Leaving out every picture, quote the data below exactly as it appears.

**** DATA EXCERPT ****

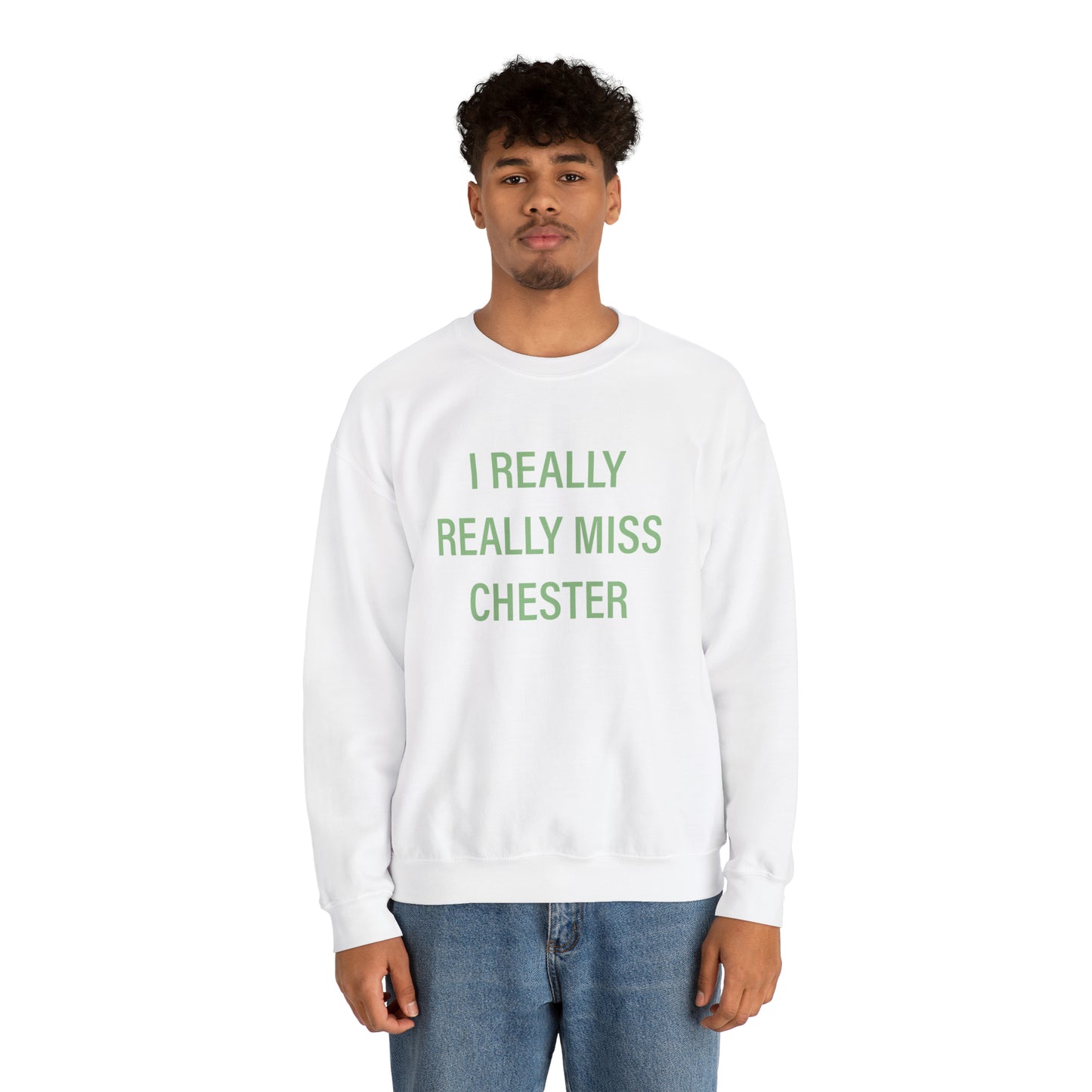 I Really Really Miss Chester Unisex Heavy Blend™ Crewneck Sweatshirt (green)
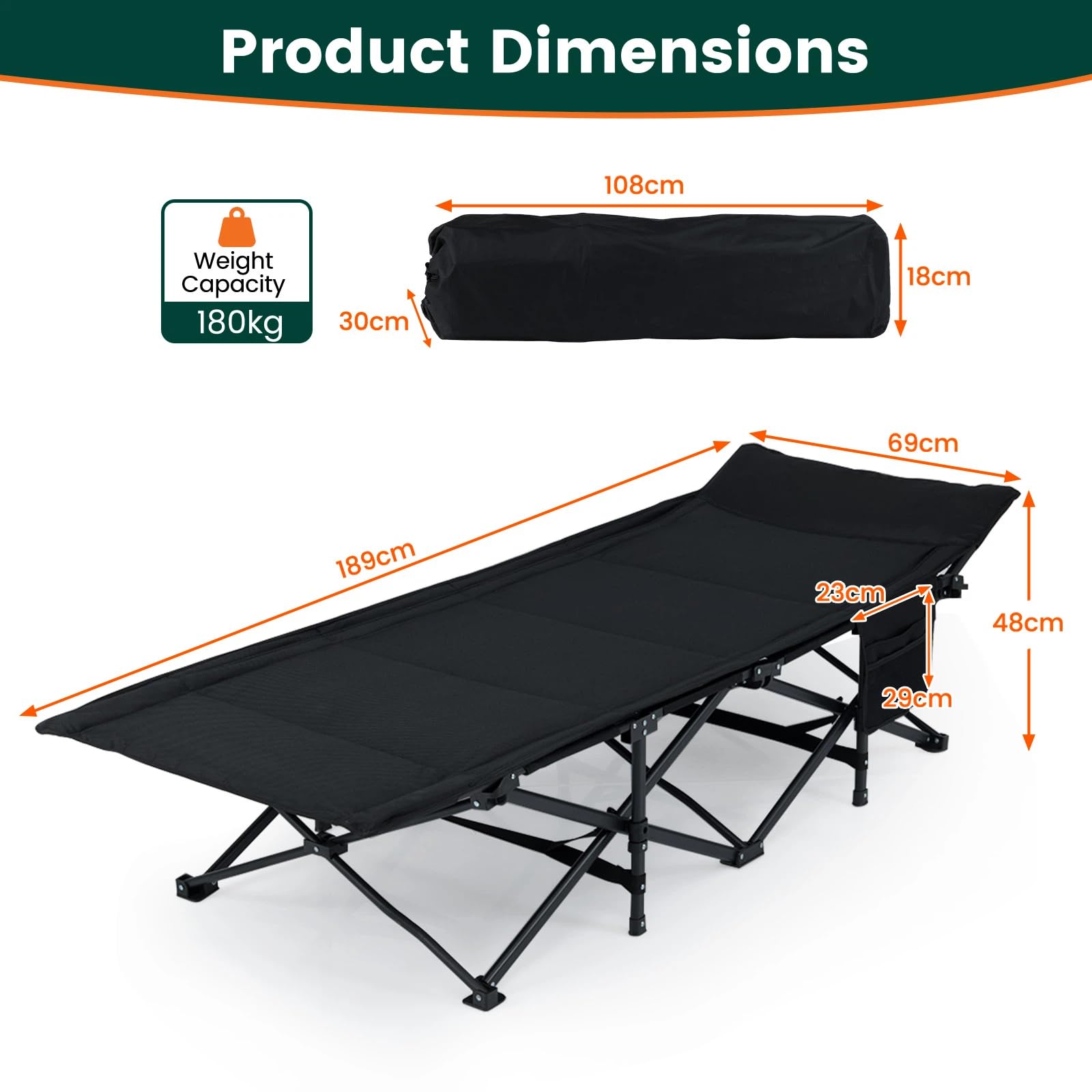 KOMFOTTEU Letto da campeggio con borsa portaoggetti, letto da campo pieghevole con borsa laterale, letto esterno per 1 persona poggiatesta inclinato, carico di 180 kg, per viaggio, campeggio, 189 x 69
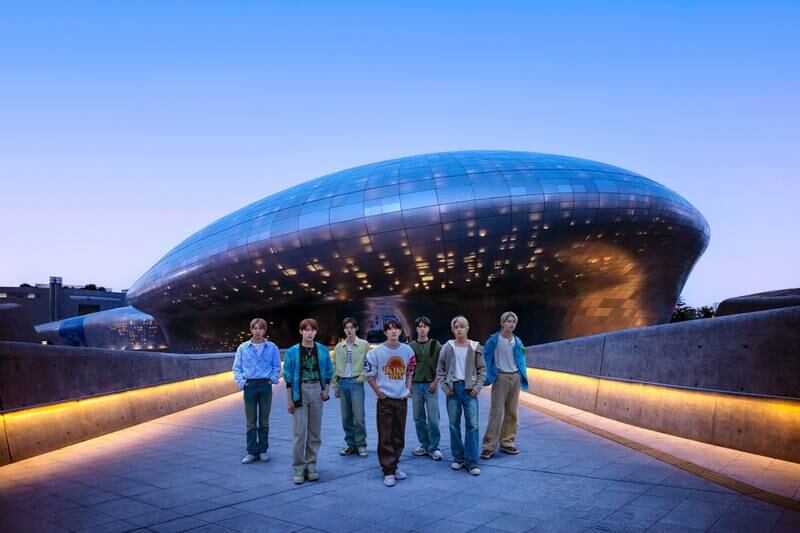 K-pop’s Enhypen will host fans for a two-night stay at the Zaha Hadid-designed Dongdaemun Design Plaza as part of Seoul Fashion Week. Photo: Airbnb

****

● TASK ANSWER:
 I Really Really Miss Chester Unisex Heavy Blend™ Crewneck Sweatshirt (green)
 KOMFOTTEU Letto da campeggio con borsa portaoggetti, letto da campo pieghevole con borsa laterale, letto esterno per 1 persona poggiatesta inclinato, carico di 180 kg, per viaggio, campeggio, 189 x 69
 K-pop’s Enhypen will host fans for a two-night stay at the Zaha Hadid-designed Dongdaemun Design Plaza as part of Seoul Fashion Week. Photo: Airbnb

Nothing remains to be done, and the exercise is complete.